Prior to 2021, 12A registrations were granted permanently. Since April 2021, all registrations are valid for only 5 years and must be renewed. New registrations and renewals use Form 10A and Form 10AB respectively through the Income Tax e-Filing portal at incometax.gov.in. For NGOs that received 12A/80G in FY 2021-22, the certificates expired on March 31, 2026. The renewal deadline was September 30, 2025. If you missed this, contact a practising CA immediately. Going forward, always file renewal at least 6 months before expiry. Processing time is typically 3 to 6 months.

How to Apply — Step by Step

Step 1: Log in to the Income Tax e-Filing portal at incometax.gov.in with the NGO PAN credentials. Step 2: Navigate to e-File, then Income Tax Forms, then Form 10A for new registration or Form 10AB for renewal. Select the relevant assessment year. Step 3: Fill in organisation name, PAN, registration details, list of activities, financial summary, and trustee details. Step 4: Upload supporting documents as scanned PDFs. Step 5: Submit with digital signature or EVC and track the application. The Income Tax Department may issue notices for clarification — respond promptly. Step 6: Receive your certificate specifying the registration number, effective date and 5-year validity period.

Documents Required

  • PAN card of the NGO
  • Registration Certificate (Trust Deed, Society Certificate or Certificate of Incorporation)
  • Objects clause of the trust deed or memorandum of association
  • Financial statements for the last 3 years
  • List of trustees/directors with PAN and Aadhaar details
  • Bank account details of the NGO
  • Annual report if published
  • Details of activities undertaken in the last 3 years

Annual Compliance After Registration

  • File ITR-7 annually — due October 31 each year
  • Maintain audited accounts — UDIN mandatory on all CA-certified documents from FY 2022-23
  • File Form 10B or 10BB — audit report filed alongside ITR-7
  • Issue 80G certificates to donors — specifying donation amount and NGO registration details
  • File Form 10BD — statement of donations received, due May 31
  • Maintain utilisation records — all CSR funds must be utilised for the stated purpose

Frequently Asked Questions

What is the difference between 12A and 12AB? 12AB is the updated version introduced in 2021. All NGOs previously holding 12A have been migrated to 12AB. The purpose — income tax exemption for the NGO — remains unchanged.

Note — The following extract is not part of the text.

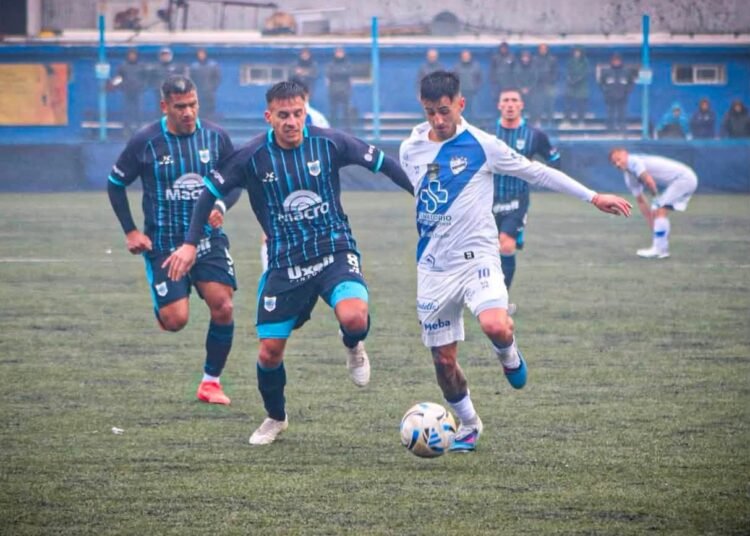 El Lobo resistió con diez, sumó un punto de oro y sigue en lo más alto
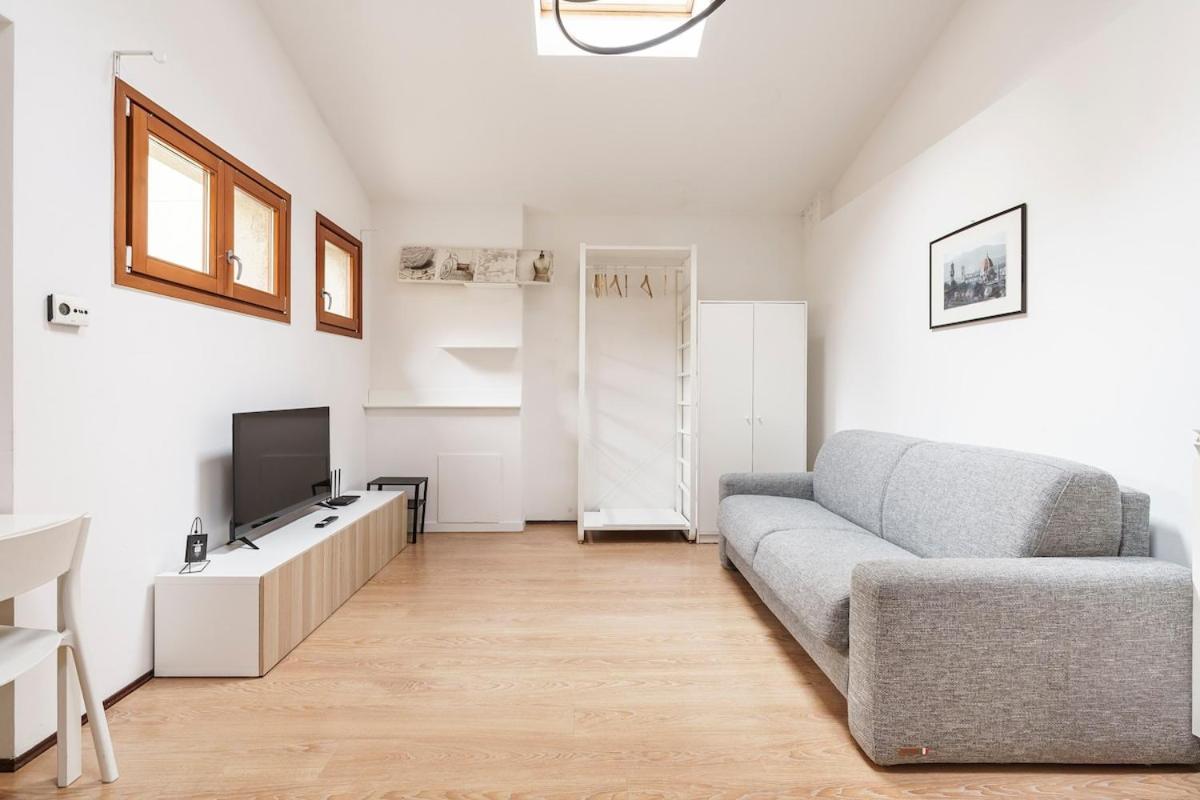 Window on the Arno II Netflix, WiFi, AC - B&B Florence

Can an NGO have 12A without 80G? Yes, but for CSR funding both are practically required. 80G is only granted after 12A is active. The correct sequence is: obtain 12A first, then apply for 80G.

What happens if 12A expires? The NGO's income becomes taxable, 80G automatically becomes invalid, CSR-1 becomes invalid, and the NGO cannot legally receive CSR funds until 12A is restored.

How does PATVAAR verify 12A and 80G? PATVAAR cross-references certificates against the Income Tax Department database, verifies the UDIN on CA-certified documents, and confirms the certificate matches the NGO PAN. This forms part of the Compliance pillar P01 of the PATVAAR Trust Score.